Postby Rspaight » Tue Nov 16, 2004 8:51 pm
This is the stupidest fucking packaging ever.
I'm not kidding.
OK, picture this: you get this slipcase that's about ten inches high. So it can't possibly fit into any sane CD shelving system. Usually, when such a form factor is deployed (I love the word "deployed"), it's to accomodate an oversize booklet. Is that the case? Heck, no!
When you pull the inner contraption out of the slipcase, you are rewarded by your new CDs dumping out onto the floor. That's because the four mini-LP type sleeves are just sitting in the inner thingamabob with nothing whatsoever to keep them in place. Once loosed from the slipcase, they're free to slip the surly bonds of cardboard and make a break for it. Unless the inner whatsis is inserted into the slipcase the other way around, in which case the booklet leaps out. Genius.

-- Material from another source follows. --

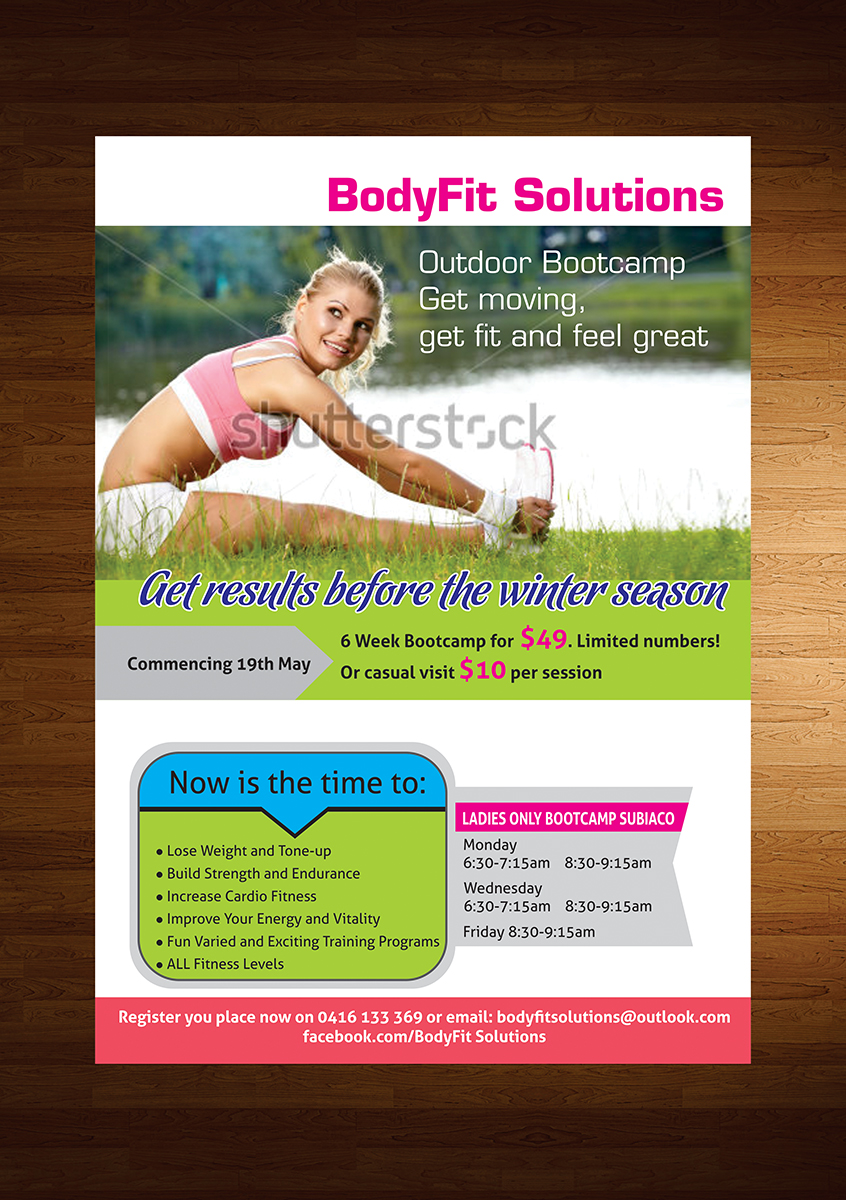 Diseño de Flyer por dkthedon para este proyecto | Diseño #3552534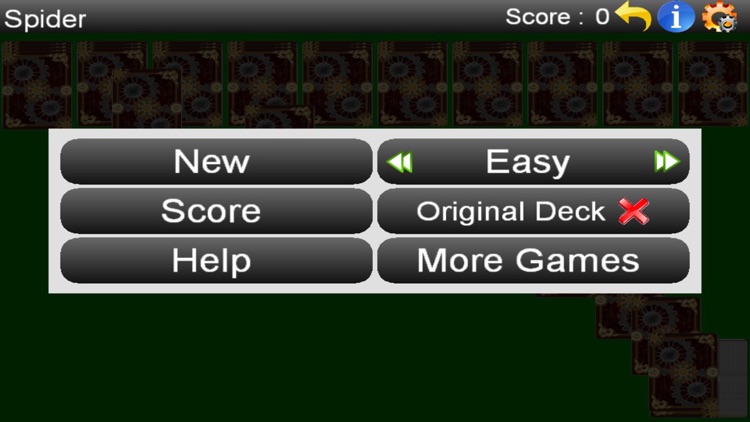 Spider Solitaire -- Lite by GASP Mobile Games Inc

The inner whatchamajigger folds into a ludicrously thick jewel-case size affair, if for some reason you want to stick it into your shelf that way. The resulting "spine," though the thickness of a double-CD case plus a single case, has nothing at all on it.
The booklet is normal-sized, and much too skinny to fit in its half of the weird origami cardboard inner structure. So Capitol thoughtfully provided two slabs of plastic glued to the inside of that half to sort of hold the book in place, though it will gleefully fall out if gravity is applied. The book itself is no great shakes. There's about five pages of totally unenlightening text from Lewisohn (those of you hoping for authoritative information on how these records differ from their UK counterparts will be sorely disappointed) followed by a bunch of boring pictures and glib quotes from the Mopped Ones. The only technical credit at all is for Ted Jensen.
The mini-LP sleeves are poorly reproduced copies of someone's old records, not the original elements. They have the duplicate mono/stereo tracklistings clumsily pasted into the original back-cover layouts, along with Compact Disc and Apple logos.
Four CD-Rs in a Ziploc baggie would have been about as good, and we might have saved a few bucks.
However, the discs themselves are surprisingly good in all their echoey, nth-generation glory. There's no NR that I can hear -- the outros are all drenched in hiss.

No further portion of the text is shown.